**Task brief**.
For the records below, output word for word the lines from the one with "PEI Oysters on" up to and including the one with "WATEKO TOMASZ PYCHYŃSKI". No pictures.

**Material shown**.
================

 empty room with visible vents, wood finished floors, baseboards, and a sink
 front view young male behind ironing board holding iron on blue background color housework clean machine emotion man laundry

================

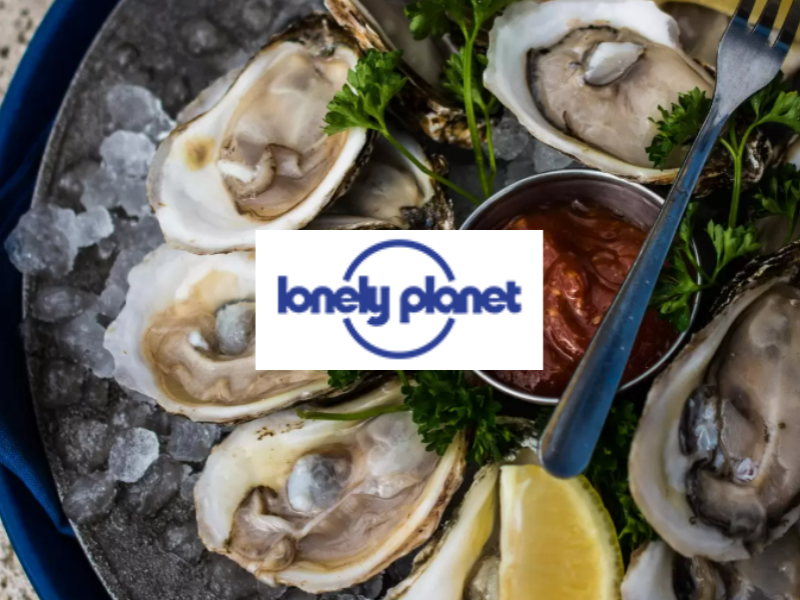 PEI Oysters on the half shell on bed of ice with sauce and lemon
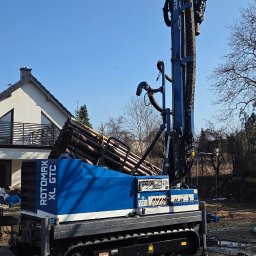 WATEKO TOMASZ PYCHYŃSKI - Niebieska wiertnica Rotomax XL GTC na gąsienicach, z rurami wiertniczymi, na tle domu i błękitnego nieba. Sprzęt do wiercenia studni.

================

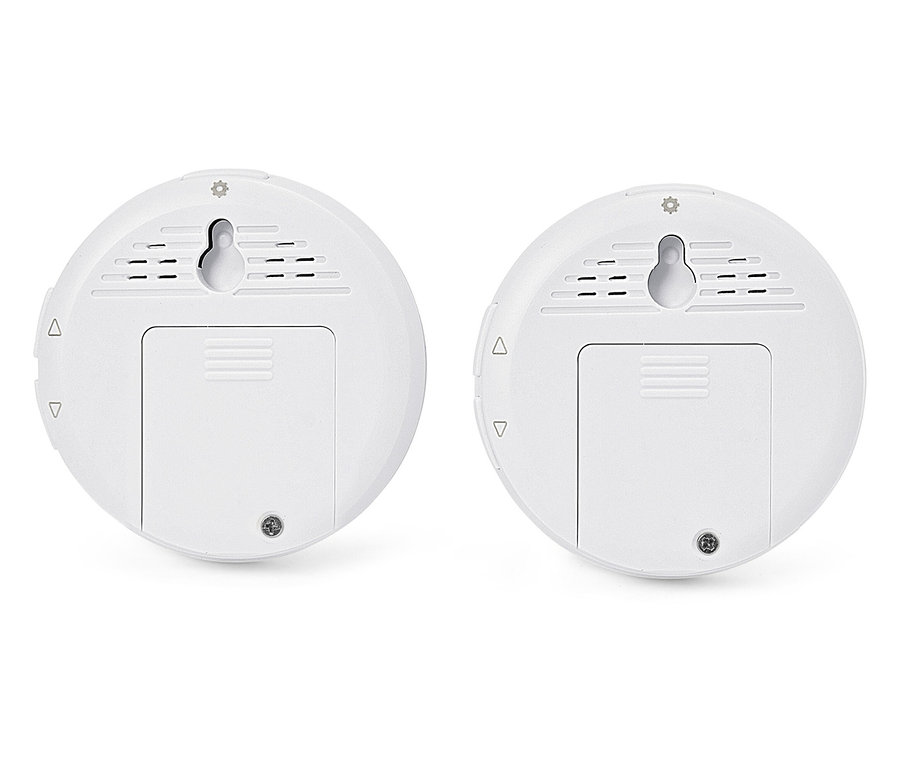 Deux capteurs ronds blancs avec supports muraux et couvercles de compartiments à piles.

================

**Result below**.
 PEI Oysters on the half shell on bed of ice with sauce and lemon
 WATEKO TOMASZ PYCHYŃSKI - Niebieska wiertnica Rotomax XL GTC na gąsienicach, z rurami wiertniczymi, na tle domu i błękitnego nieba. Sprzęt do wiercenia studni.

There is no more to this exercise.